You should always discard the results of your first run: it may include the overhead needed to JIT-compile some of the subfunctions.

The primary source of variability is the garbage collector—if it runs between two “instrumentation” lines, its execution time gets added to the time that your own line of code contributes. This can make a fast-running line seem puzzlingly slow. One good way to reduce the variance is to run gc() before profiling. However, if your code tends to accumulate a bunch of temporaries that need to be cleaned up in the middle of the run, then calling gc() at the beginning can cause the collector to run at the same point in the code each time, a misleading but consistent result. A different approach is to use multiple runs (without an explicit gc()) and hope that the collector runs at different points in each run. The cost of a given line is probably best reflected in those runs with shortest time for that line.

Limitations

Profiling adds a performance overhead which can be significant. You can prevent a subsection of your code from being profiled by encapsulating it inside a begin ... end block; in this case, the block as a whole is profiled, but the individual lines inside the block are not separately timed.

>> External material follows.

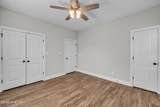 105 Barracuda Street - Photo 33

The profiler tries to compensate for its overhead in the reported times. This naturally leads to some degree of uncertainty about the execution time of individual lines. More significantly, currently the profiler does not compensate for its own instrumentation in profiled subfunctions. Consequently, it’s recommended that you avoid profiling nested code as a big chunk—you probably want to pick out individual functions or groups of functions to profile separately.